The Japanese team, led by Yunori Nishikawa, derived surprisingly simple formulas for calculating key quantum information metrics: entanglement entropy (quantifying system entanglement), mutual information (measuring shared information between system parts), and relative entropy (gauging differences between quantum states). These mathematical tools provide crucial insights into quantum system interactions.
When applied to various material systems, including nanoscale artificial magnetic materials and dilute magnetic alloys, these formulas revealed unexpected patterns of quantum entanglement. In dilute magnetic alloys, researchers identified quantum relative entropy as key for capturing the Kondo effect, where conduction electrons screen magnetic impurities.
“The behavior of quantum entanglement in nanoscale artificial magnetic materials defied our initial expectations,” noted Nishikawa, highlighting how their findings open new avenues for understanding quantum interactions. By reducing complex quantum states to subsystems and formulating these quantum informative quantities, the team has created a promising method for elucidating quantum entanglement in various quantum impurity systems.

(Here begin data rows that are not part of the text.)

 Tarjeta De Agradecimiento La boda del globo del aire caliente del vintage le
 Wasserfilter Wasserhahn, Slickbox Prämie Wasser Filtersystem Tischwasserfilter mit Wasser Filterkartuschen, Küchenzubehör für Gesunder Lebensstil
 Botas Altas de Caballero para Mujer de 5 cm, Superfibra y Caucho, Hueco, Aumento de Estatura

The research demonstrates potential applications across different physical systems and could significantly advance quantum technologies by improving our fundamental understanding of entanglement in realistic materials.
For information, the formula to calculate entanglement entropy is :
S=-n↑n↓logn↑n↓–h↑h↓logh↑h↓–n↑h↑logn↑h↑–n↓h↓logn↓h↓
in which 𝑛↑, 𝑛↓ are the numbers of up- and down-spin electrons and h↑, h↓ are the numbers of up and down holes (operators) within the target atom.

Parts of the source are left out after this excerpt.